**Instructions to follow**
Exactly as they appear, please output the lines from the one with "Candidato SHEILA 2024 - MAQUINÉ - Eleições" through the end of the material, without pictures.

**The data**
--------------------------------
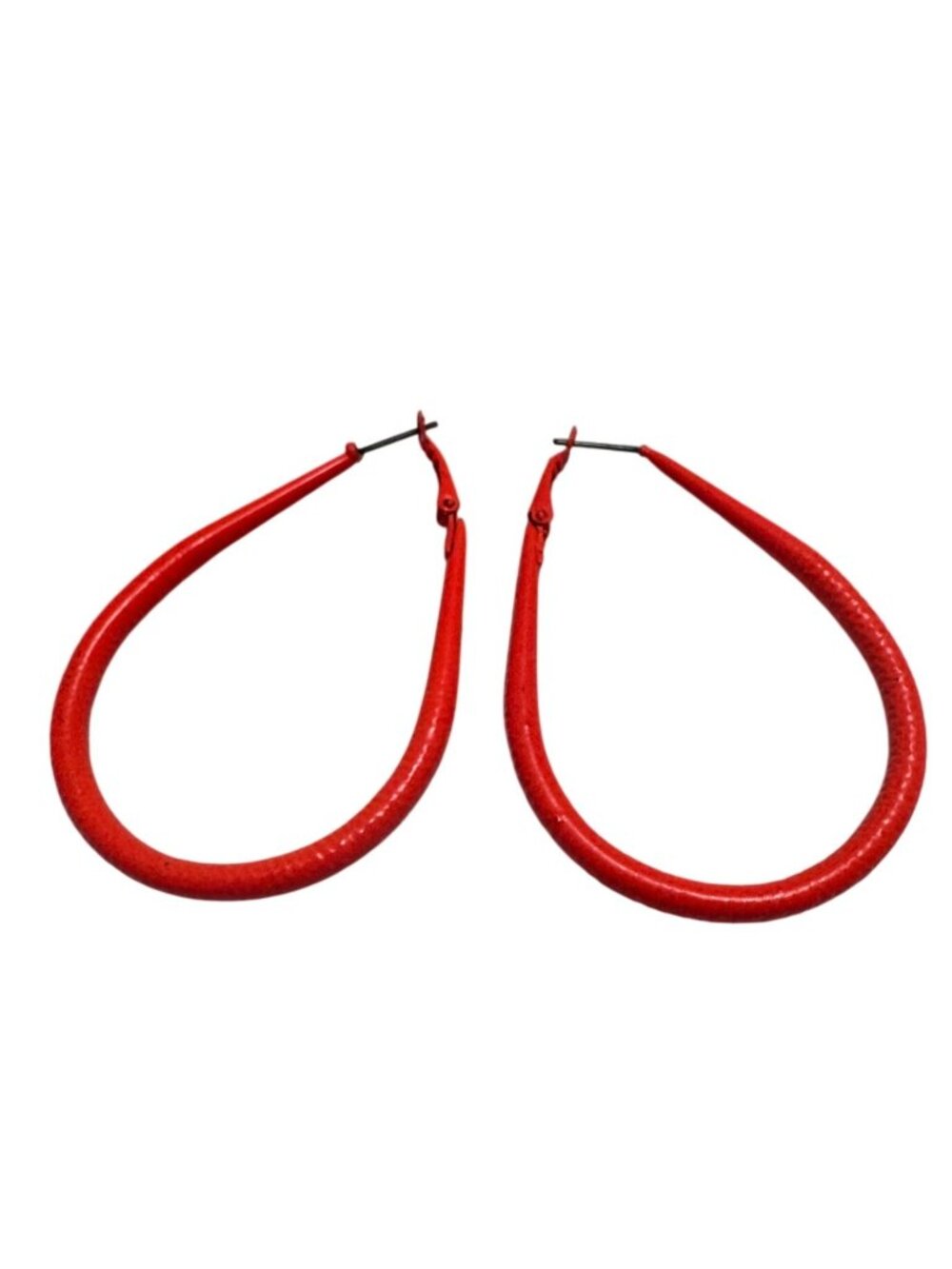 Teardrop Hoop Earrings Metal Neon Orange Lightweight 80s Retro Hip Hop Dance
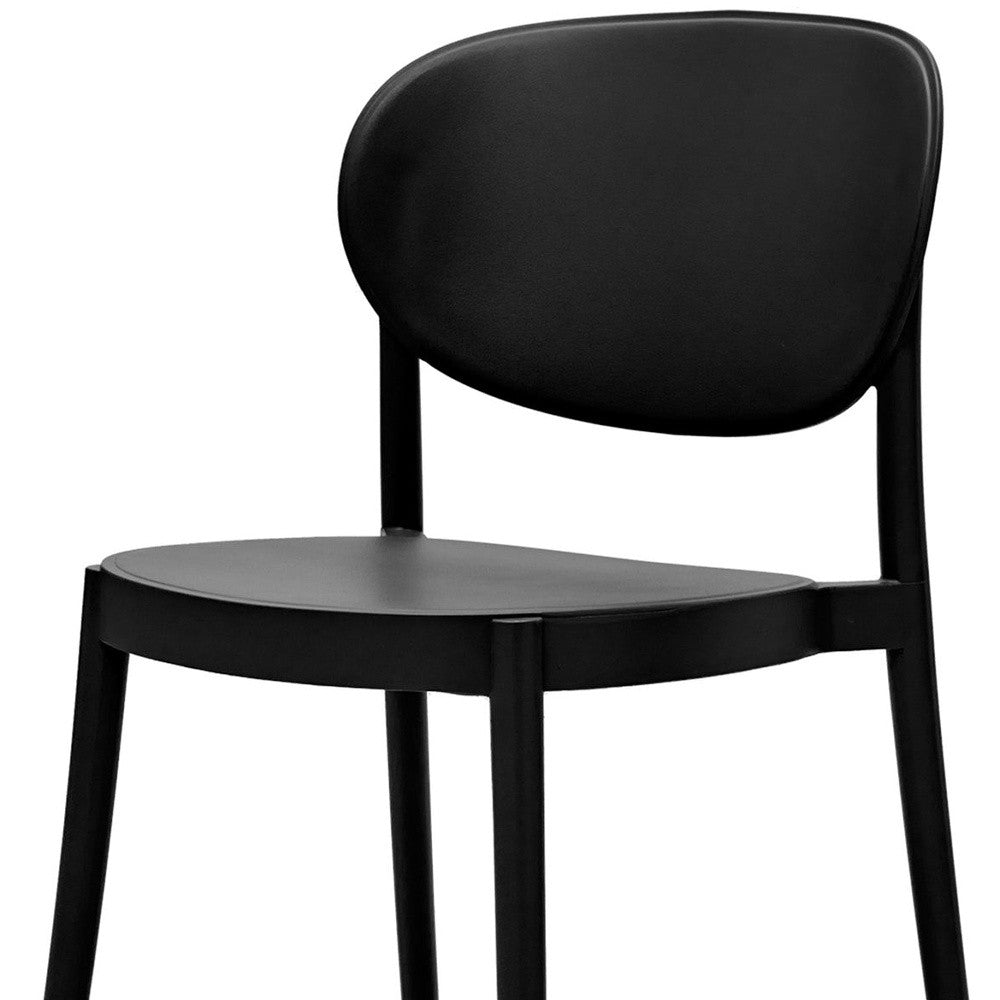 Set of Four Black Heavy Duty Plastic Dining Side Chairs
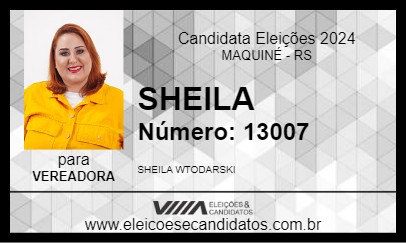 Candidato SHEILA 2024 - MAQUINÉ - Eleições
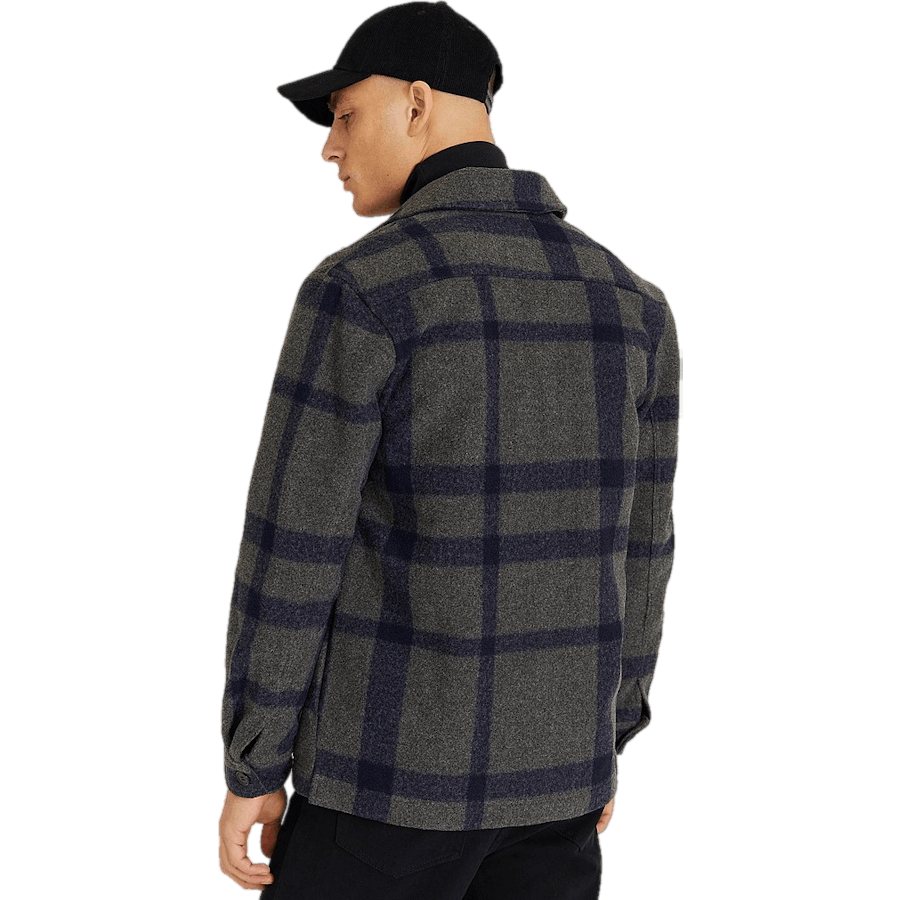 Studio Check Overshirt harmaa/laivastonsininen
--------------------------------
**Finished exercise**
 Candidato SHEILA 2024 - MAQUINÉ - Eleições
 Studio Check Overshirt harmaa/laivastonsininen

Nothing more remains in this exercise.